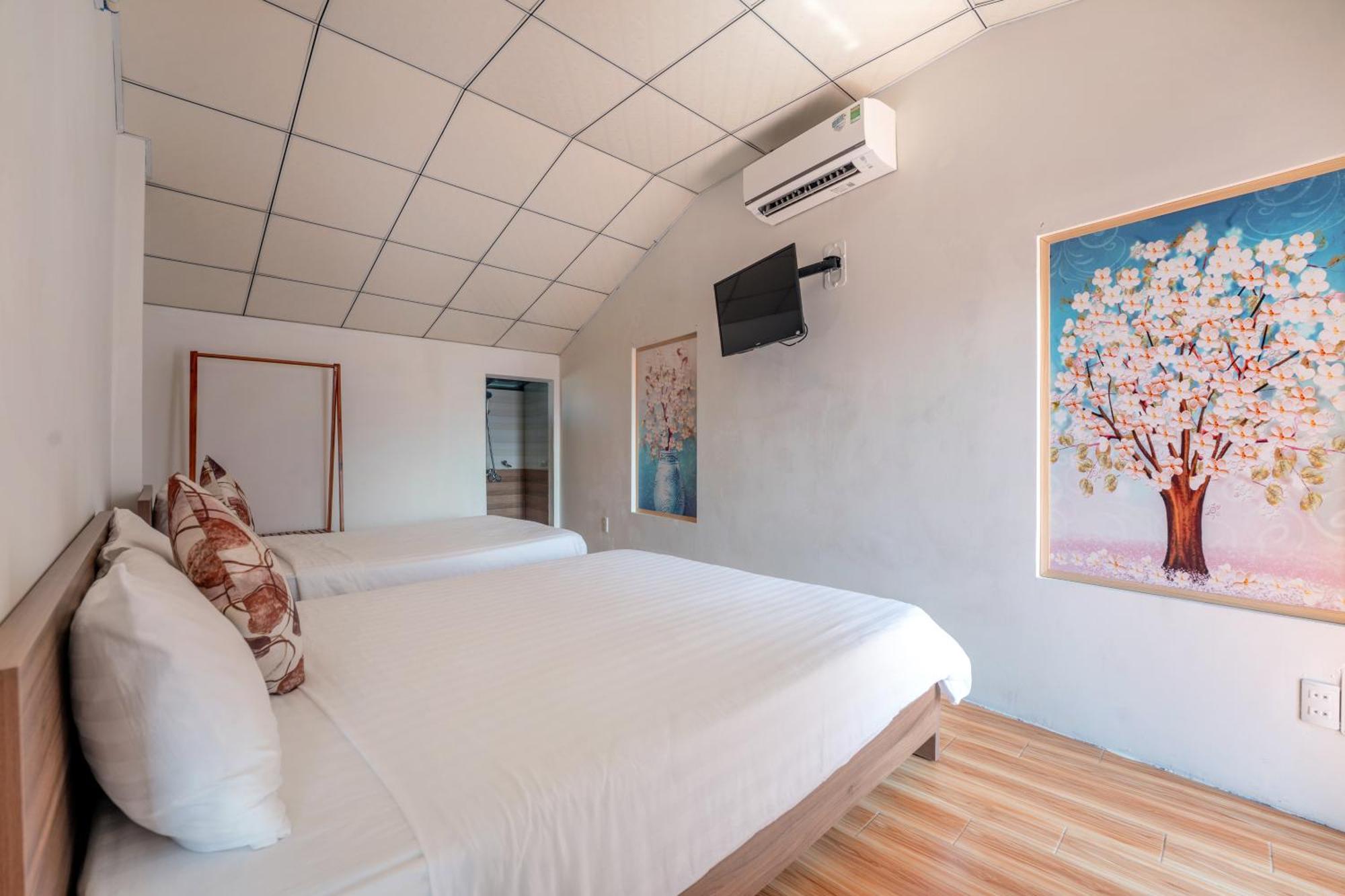 Lavila Homestay Hoi An Eksteriør bilde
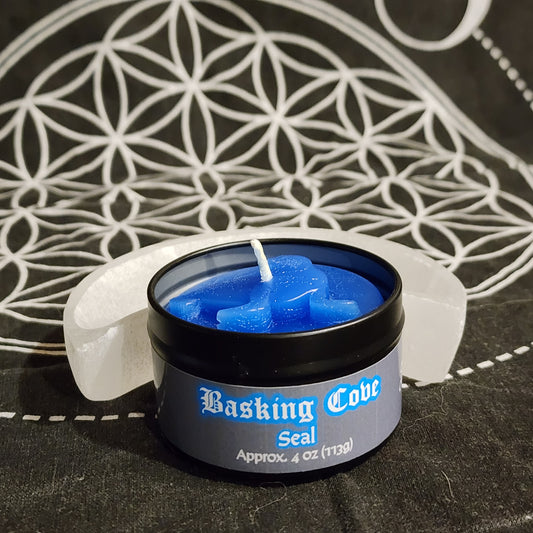 Basking Cove Candle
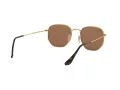 Ray-Ban Hexagonal Naočare za sunce 3548N 001/Z2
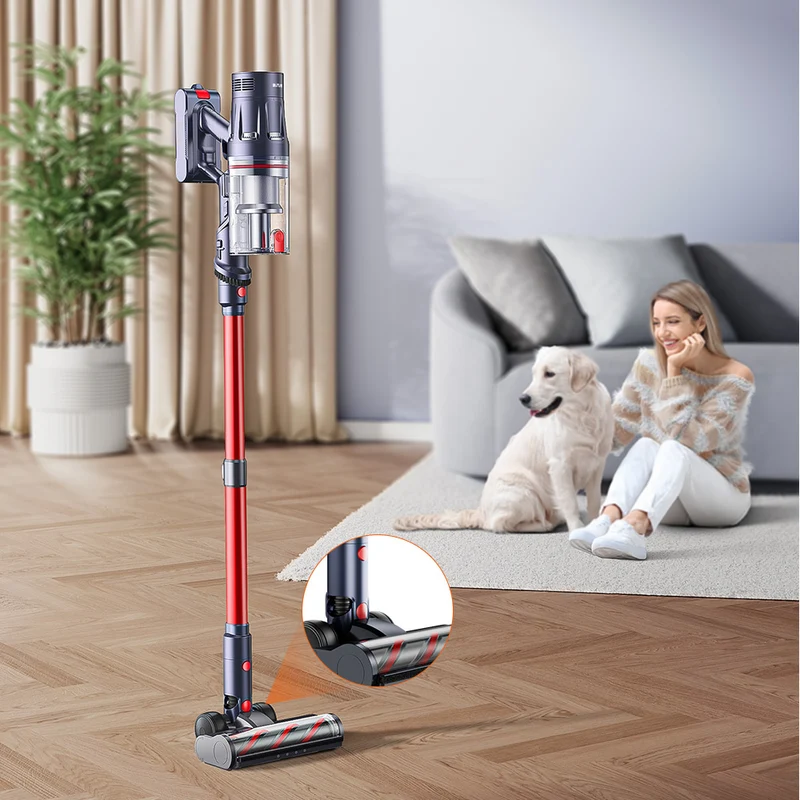 Buture BP20 Cordless Vacuum | Official Refurbished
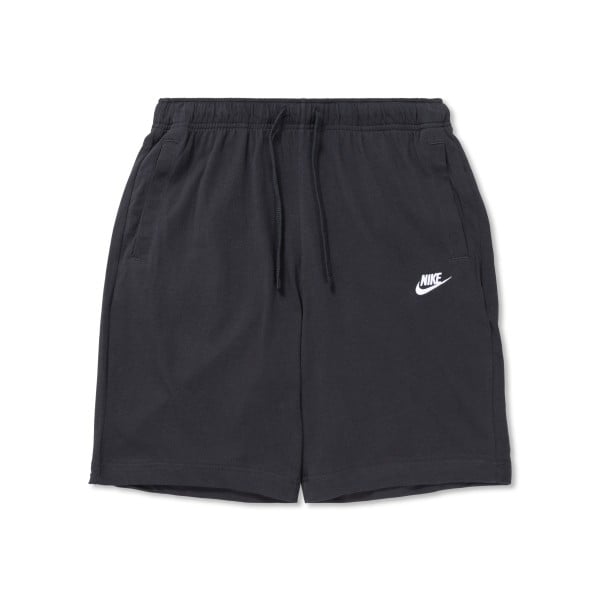 Nike Sportswear Club Shorts (Black/White)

::::::::::

* _What is being asked_: No pictures belong in the copy: reproduce exactly the lines above from the one that contains "Buture BP20 Cordless" through the last line of the entries.

* _Answer to the exercise_:
 Buture BP20 Cordless Vacuum | Official Refurbished
 Nike Sportswear Club Shorts (Black/White)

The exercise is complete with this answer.